# logorithmic differentiation

• Dec 9th 2009, 09:24 AM
Evan.Kimia
logorithmic differentiation
http://www.webassign.net/cgi-bin/sym...%2A%287%20x%29

Heres what i did:

used the laws of logs to get this:

7x ln (sqrt(x))

ln(y) = 7x ln (sqrt(x))

start solving by implicit differentiation:

y'/y = 7x*(1/x) *(1/2sqrt(x))+ln(sqrt(x))*7

final = y'=y(7x*(1/x) *(1/2sqrt(x))+ln(sqrt(x))*7)

I think i know what i did wrong, i used ln(sqrt(x)) as 1 function instead of 2. This is a Web Assign and im about out of guesses.
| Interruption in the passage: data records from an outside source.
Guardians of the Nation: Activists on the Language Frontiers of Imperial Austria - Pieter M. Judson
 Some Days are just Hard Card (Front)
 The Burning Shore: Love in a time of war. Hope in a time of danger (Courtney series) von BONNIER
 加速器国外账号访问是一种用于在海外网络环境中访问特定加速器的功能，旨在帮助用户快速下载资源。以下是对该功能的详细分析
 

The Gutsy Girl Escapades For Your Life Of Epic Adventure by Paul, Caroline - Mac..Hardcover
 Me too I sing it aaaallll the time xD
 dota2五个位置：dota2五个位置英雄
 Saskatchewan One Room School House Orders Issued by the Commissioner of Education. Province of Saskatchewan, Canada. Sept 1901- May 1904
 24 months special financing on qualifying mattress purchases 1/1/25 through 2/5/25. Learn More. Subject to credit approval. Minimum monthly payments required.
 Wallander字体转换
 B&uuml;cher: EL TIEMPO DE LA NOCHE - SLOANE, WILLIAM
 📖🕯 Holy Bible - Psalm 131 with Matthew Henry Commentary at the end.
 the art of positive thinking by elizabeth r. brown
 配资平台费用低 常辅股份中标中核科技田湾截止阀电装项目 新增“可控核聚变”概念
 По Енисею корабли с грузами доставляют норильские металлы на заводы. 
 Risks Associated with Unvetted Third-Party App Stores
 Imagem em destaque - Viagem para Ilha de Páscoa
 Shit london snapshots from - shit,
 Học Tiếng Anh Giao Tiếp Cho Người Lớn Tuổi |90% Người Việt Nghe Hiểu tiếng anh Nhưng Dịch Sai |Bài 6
If I would apply the product rule between 7x and ln then apply it in another product rule with sqrt(x) would i get the right answer?
• Dec 9th 2009, 09:30 AM
TheEmptySet
Quote:

Originally Posted by Evan.Kimia
http://www.webassign.net/cgi-bin/sym...%2A%287%20x%29

Heres what i did:

used the laws of logs to get this:

7x ln (sqrt(x))

ln(y) = 7x ln (sqrt(x))

start solving by implicit differentiation:

y'/y = 7x*(1/x) *(1/2sqrt(x))+ln(sqrt(x))*7

final = y'=y(7x*(1/x) *(1/2sqrt(x))+ln(sqrt(x))*7)

I think i know what i did wrong, i used ln(sqrt(x)) as 1 function instead of 2. This is a Web Assign and im about out of guesses. If I would apply the product rule between 7x and ln then apply it in another product rule with sqrt(x) would i get the right answer?

the equation can be further simpilifed before you take the derivative:

$\displaystyle \ln(y)=7x\ln(\sqrt{x})=\frac{7x}{2}\ln(x)$

You could also note this from the beginning

$\displaystyle y=(\sqrt{x})^{7x}=(x^{1/2})^{7x}=x^{\frac{7x}{2}}$

Then take the log

So then we get

$\displaystyle \frac{y'}{y}=\frac{7}{2}\ln(x)+\frac{7}{2}=$ ...

I hope this helps